In practice even to do random playout you need to know $f_{1:T}$ for the various experts. When mapping this to a contextual prediction setting, this corresponds to knowing the sequence of features in advance (but not the labels). Thus this is essentially a transductive technique. Some recommendation problems are naturally transductive, and the paper discusses an application to collaborative filtering.

Active Learning?

In principle the setup can be modified to consider active learning. Each round, in addition to generating a prediction, player must make a decision $z_t \in \{ 0, 1 \}$ whether or not to observe $y_t$. If $z_t = 0$, player cannot use the value of $y_t$ in subsequent predictions. Since it is always better for the player to observe $y_t$, there has to be some penalty for doing so, thus consider a constant penalty $\alpha$ per observation. The player wants to generate a sequence of predictions $p_{1:T}$ and queries $z_{1:T}$ which minimizes worst-case regret \[\sup_{y_{1:T} \in \mathcal{Y}^T} \biggl( \sum_s \alpha z_s + L (p_{1:T}, y_{1:T}) - \inf_{f \in \mathcal{F}} L (f_{1:T}, y_{1:T}) \biggr).
\] Concise general closed-form expressions have eluded me thus far, but there is a non-trivial case which yields nice answers: the two-round game.

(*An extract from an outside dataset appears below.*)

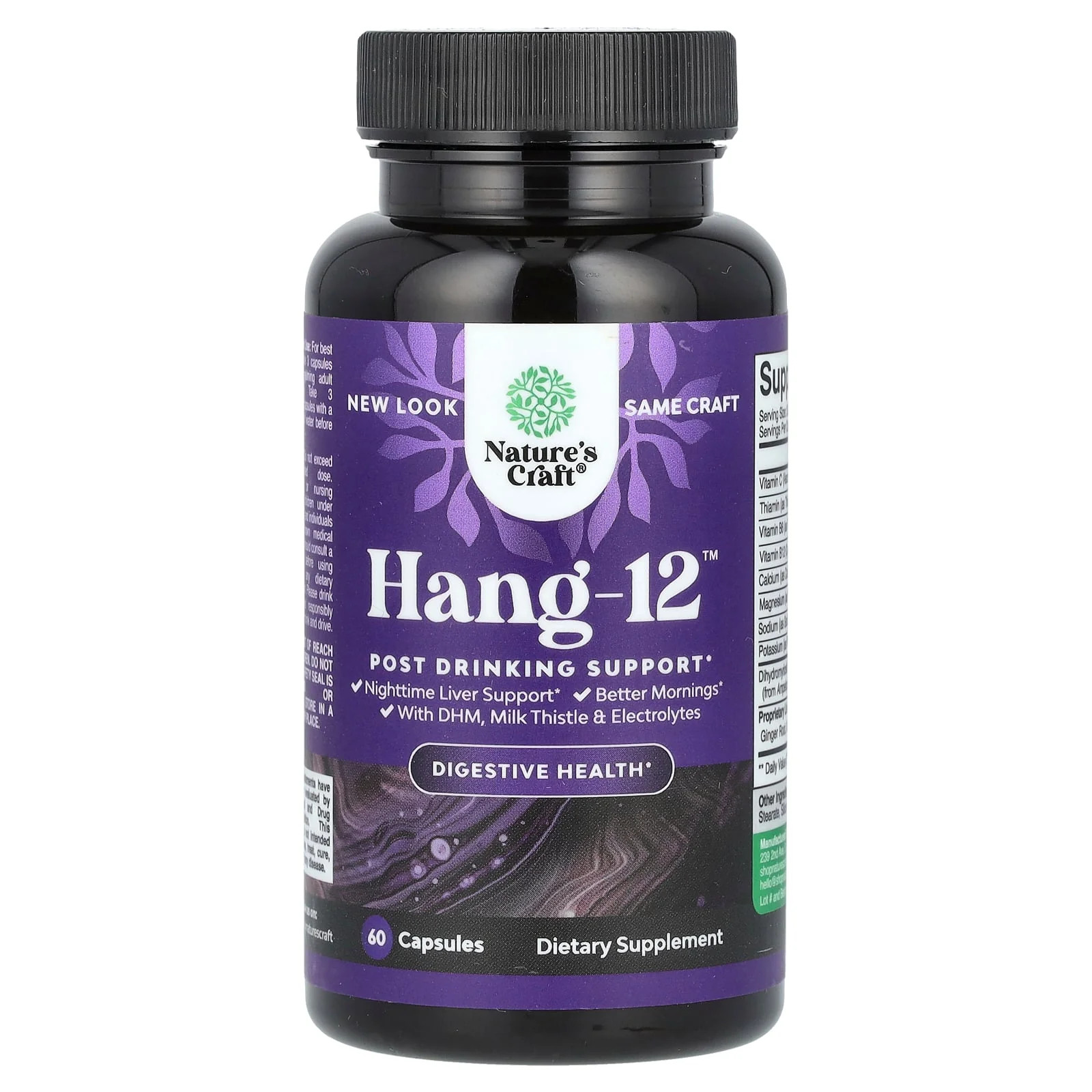 2 X Nature’s Craft, Hang-12, Post Drinking Support, 60 Capsules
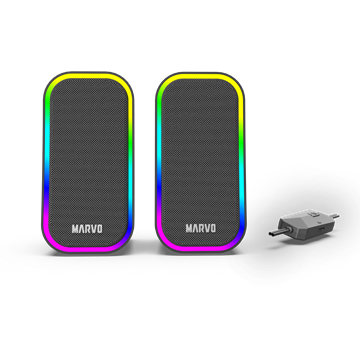 MARVO Havoc 20 vezetékes hangszóró - fekete - RGB viágítás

It never makes sense to observe the final outcome $y_T$, so $z_T = 0$. In the two-round game, then, the question is whether to observe $y_1$. If $y_1$ is not observed (i.e., $z_1 = 0$), player must ballistically plan both predictions without intermediate feedback, \[
\begin{aligned}
(p_1^*, p_2^*) &= \mathop{\operatorname{arg\,inf}}\limits_{p_{1:2} \in \mathcal{P}^2} \sup_{y_{1:2} \in \mathcal{Y}^2} \left( |p_1 - y_1| + |p_2 - y_2| - \inf_{f \in \mathcal{F}} L (f_{1:2}, y_{1:2}) \right).
\end{aligned}
\] This can be solved with Mathematica: here's the incantation.

Minimize[{ z, 
           p1 + p2 - inf00 <= z, 
           p1 + (1 - p2) - inf01 <= z, 
           (1 - p1) + p2 - inf10 <= z, 
           (1 - p1) + (1 - p2) - inf11 <= z }, 
           { p1, p2, z }] // Simplify

This has solution \[
\begin{aligned}
p_1^* &= \frac{1}{2} \left( 1 + \frac{1}{2} \sum_{y_2=0}^1 \left( \inf_{f \in \mathcal{F}} L (f_{1:2}, 0y_2) - \inf_{f \in \mathcal{F}} L (f_{1:2}, 1y_2) \right) \right) & (z_1 = 0), \\
p_2^* &= \frac{1}{2} \left(1 + \frac{1}{2} \sum_{y_1=0}^1 \left( \inf_{f \in \mathcal{F}} L (f_{1:2}, y_10) - \inf_{f \in \mathcal{F}} L (f_{1:2}, y_11) \right) \right) & (z_1 = 0),
\end{aligned}
\] with game value \[
\begin{aligned}
&R (\mathcal{F}, \emptyset | z_1 = 0) \\
&= 1 - \frac{1}{2} \min\left\{ \inf_{f \in \mathcal{F}} L (f_{1:2}, 00) + \inf_{f \in \mathcal{F}} L (f_{1:2}, 11), \inf_{f \in \mathcal{F}} L (f_{1:2}, 01) + \inf_{f \in \mathcal{F}} L (f_{1:2}, 10) \right\}. \\
\end{aligned}
\] Now compare this to the case of $z_1 = 1$, which is the same as the fully observed Minimax Forecaster. \[
\begin{aligned}
p_1^* &= \frac{1}{2} \left( 1 + \frac{1}{2} \sum_{y_2=0}^1 \left( \inf_{f \in \mathcal{F}} L (f_{1:2}, 0y_2) - \inf_{f \in \mathcal{F}} L (f_{1:2}, 1y_2) \right) \right) & (z_1 = 1), \\
p_2^* &= \frac{1}{2} \left(1 + \inf_{f \in \mathcal{F}} L (f_{1:2}, y_10) - \inf_{f \in \mathcal{F}} L (f_{1:2}, y_11) \right) & (z_1 = 1).
\end{aligned}
\] The first round prediction $p_1^*$ is the same whether or not $z_1 = 0$ or $z_1 = 1$, but the second round prediction $p_2^*$ is different. If $z_1 = 0$, then $p_2^*$ is computed by averaging over possible histories; whereas if $z_1 = 1$, then $p_2^*$ is computing using the actual observed history. (Aside: perhaps constant-time Radacher averages will be quantum computing's killer app.)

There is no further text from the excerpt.